US stocks edged lower on Tuesday as investors braced for more tariff policy shifts from President Donald Trump, and focus turned to inflation with testimony from Federal Chair Jerome Powell underway.
By mid-morning trade, stocks were off of their session lows with the Dow Jones Industrial Average (^DJI) slipped around 0.2% lower, while the benchmark S&P 500 (^GSPC) dropped roughly 0.1%. The tech-heavy Nasdaq Composite (^IXIC) also pulled back around 0.1%, after a winning day on Wall Street.
The tone is cautious in the wait for Trump to reveal his plan for universal like-for-like tariffs, promised for announcement midweek. The president on Monday imposed 25% tariffs on all steel and aluminum imports from March 12, according to executive orders. That puts further pressure on top trading partners Canada and Mexico.

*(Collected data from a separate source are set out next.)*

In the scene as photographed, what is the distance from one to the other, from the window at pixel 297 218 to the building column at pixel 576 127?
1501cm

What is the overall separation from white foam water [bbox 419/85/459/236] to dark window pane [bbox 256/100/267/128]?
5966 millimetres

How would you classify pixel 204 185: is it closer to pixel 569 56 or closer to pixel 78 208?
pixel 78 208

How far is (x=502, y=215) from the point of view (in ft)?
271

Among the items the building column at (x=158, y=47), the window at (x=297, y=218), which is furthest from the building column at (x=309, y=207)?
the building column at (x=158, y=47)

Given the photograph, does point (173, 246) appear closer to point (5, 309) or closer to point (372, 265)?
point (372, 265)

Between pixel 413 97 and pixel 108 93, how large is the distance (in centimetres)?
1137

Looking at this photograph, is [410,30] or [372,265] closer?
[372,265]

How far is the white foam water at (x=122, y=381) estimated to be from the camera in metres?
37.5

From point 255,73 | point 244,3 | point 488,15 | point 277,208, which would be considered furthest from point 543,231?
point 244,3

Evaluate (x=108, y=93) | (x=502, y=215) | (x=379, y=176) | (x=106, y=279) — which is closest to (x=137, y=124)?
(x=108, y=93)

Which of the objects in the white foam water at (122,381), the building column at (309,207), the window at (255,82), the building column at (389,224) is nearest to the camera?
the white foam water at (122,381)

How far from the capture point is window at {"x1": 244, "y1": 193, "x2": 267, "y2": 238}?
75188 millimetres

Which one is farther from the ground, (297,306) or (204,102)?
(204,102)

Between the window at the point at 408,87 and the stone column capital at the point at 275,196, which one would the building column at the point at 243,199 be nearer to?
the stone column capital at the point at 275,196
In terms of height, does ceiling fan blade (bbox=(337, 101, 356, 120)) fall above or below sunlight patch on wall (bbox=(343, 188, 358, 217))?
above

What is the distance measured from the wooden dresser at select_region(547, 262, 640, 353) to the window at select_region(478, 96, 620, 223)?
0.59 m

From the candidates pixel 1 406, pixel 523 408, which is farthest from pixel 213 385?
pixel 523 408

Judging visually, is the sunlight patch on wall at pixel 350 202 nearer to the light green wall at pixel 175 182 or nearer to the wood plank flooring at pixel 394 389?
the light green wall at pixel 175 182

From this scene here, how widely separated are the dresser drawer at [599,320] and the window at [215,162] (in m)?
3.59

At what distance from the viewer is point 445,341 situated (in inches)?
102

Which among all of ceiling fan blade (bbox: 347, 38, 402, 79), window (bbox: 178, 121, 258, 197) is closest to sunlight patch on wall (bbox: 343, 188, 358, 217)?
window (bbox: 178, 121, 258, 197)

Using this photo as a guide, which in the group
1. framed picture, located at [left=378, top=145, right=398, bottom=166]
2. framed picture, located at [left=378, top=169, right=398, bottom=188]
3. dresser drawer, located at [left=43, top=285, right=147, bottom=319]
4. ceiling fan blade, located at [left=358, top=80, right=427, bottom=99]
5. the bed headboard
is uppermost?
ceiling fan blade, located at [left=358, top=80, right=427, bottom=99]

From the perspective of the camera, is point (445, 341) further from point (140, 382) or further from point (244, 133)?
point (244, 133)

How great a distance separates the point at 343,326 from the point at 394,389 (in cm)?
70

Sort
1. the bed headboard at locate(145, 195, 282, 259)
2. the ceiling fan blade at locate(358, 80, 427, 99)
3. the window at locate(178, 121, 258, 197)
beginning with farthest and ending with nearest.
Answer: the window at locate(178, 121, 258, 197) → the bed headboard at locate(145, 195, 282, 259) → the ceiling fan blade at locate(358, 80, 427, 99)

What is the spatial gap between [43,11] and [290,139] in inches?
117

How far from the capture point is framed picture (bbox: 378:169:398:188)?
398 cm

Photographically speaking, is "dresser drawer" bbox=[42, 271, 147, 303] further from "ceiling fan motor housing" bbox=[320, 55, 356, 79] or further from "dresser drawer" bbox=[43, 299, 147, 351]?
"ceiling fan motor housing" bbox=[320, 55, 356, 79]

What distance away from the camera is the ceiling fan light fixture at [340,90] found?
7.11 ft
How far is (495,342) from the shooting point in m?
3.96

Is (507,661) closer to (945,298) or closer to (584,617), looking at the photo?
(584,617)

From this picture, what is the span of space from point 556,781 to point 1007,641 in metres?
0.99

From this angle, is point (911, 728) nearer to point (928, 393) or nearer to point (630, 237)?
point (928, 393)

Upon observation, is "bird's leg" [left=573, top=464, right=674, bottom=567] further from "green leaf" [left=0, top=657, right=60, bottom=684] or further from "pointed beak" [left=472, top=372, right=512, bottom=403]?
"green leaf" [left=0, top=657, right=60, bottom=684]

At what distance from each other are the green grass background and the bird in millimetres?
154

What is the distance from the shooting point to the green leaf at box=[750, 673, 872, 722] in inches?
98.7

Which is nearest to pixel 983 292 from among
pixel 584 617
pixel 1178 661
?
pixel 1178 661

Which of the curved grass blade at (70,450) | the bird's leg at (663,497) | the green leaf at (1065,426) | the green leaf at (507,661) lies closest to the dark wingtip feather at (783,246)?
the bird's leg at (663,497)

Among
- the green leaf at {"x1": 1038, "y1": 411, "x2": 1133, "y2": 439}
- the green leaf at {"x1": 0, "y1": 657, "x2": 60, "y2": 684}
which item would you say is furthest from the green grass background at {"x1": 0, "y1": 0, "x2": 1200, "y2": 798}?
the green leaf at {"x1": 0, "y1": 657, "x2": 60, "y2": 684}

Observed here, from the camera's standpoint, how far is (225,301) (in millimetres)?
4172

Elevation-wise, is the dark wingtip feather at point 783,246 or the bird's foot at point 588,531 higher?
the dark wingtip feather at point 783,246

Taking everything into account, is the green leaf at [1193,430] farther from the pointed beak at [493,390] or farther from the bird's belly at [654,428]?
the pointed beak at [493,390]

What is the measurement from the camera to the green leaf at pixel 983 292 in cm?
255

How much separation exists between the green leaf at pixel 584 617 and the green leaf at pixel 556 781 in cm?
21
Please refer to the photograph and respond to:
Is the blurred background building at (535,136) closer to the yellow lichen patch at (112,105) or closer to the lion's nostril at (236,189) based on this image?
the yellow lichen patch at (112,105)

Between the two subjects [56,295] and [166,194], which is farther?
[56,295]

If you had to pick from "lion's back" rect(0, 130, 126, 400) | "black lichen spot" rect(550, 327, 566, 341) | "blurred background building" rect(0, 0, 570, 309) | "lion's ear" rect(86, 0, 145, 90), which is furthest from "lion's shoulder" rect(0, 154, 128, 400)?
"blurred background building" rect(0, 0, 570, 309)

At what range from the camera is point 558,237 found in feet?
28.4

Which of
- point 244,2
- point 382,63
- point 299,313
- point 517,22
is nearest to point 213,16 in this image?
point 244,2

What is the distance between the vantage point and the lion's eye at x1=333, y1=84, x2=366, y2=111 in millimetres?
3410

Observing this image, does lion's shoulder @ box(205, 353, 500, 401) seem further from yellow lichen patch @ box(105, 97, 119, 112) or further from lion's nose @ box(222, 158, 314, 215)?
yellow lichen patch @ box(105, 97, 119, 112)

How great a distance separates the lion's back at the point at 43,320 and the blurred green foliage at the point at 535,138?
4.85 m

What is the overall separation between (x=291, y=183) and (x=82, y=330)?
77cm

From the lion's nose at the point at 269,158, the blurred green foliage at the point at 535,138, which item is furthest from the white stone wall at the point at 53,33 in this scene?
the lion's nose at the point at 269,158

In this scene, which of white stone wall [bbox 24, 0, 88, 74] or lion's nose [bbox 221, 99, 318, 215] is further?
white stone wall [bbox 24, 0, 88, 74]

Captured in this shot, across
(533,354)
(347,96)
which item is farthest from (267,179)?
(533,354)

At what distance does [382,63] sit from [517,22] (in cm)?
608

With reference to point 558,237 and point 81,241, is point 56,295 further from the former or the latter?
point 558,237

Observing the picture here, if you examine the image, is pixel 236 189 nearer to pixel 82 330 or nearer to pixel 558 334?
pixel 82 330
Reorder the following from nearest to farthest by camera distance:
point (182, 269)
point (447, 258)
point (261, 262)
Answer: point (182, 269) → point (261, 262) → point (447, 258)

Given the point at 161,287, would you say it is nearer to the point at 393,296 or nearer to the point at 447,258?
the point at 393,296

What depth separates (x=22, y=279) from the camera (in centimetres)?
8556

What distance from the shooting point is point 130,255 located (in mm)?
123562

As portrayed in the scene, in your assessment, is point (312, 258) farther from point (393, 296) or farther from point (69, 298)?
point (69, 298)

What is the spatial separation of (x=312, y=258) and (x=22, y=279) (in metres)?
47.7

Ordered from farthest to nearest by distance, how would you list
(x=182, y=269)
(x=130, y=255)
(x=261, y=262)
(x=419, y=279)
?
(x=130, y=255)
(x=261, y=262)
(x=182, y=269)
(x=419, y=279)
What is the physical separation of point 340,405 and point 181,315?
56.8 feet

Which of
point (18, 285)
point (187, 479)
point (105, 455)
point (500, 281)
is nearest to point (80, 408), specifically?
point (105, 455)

Investors are trying to gauge how far Trump’s tariff threats will translate into action, as they worry about the impact of a trade war on corporate earnings, the global economy, and on inflation in particular. Gold (GC=F) set a fresh record as investors sought shelter from the uncertainty, before retreating on Tuesday.
Amid those concerns, markets are looking to Powell’s two-day testimony in Congress, starting Tuesday in the Senate, for any hint to the Fed’s thinking about how tariffs could impact pricing pressures. In his opening remarks, Powell told lawmakers the Fed is not in a rush to adjust interest rates.
Meanwhile, the countdown is on for January’s Consumer Price Index reading on Wednesday and its wholesale counterpart on Thursday, as inflation stays persistent.
On the earnings front, Coca-Cola (KO) shares rose after it beat estimates for fourth quarter profit and revenue as soda demand stayed robust amid price increases. Shopify’s (SHOP) stock bounced back from pre-market losses after the e-commerce company reported a downbeat first quarter profit forecast with better-than-expected holiday sales.
Meanwhile, an Elon Musk-led bid to buy OpenAI captured Wall Street’s attention as AI spending fears continue to weigh on the Magnificent Seven. The AI nonprofit’s CEO Sam Altman shot down the unsolicited offer of $97.4 billion, a significant undershoot of its valuation.
Elsewhere in tech, Meta (META) began to lay off workers as part of CEO Mark Zuckerberg’s pledge to cut thousands of jobs in a pivot to finding AI talent.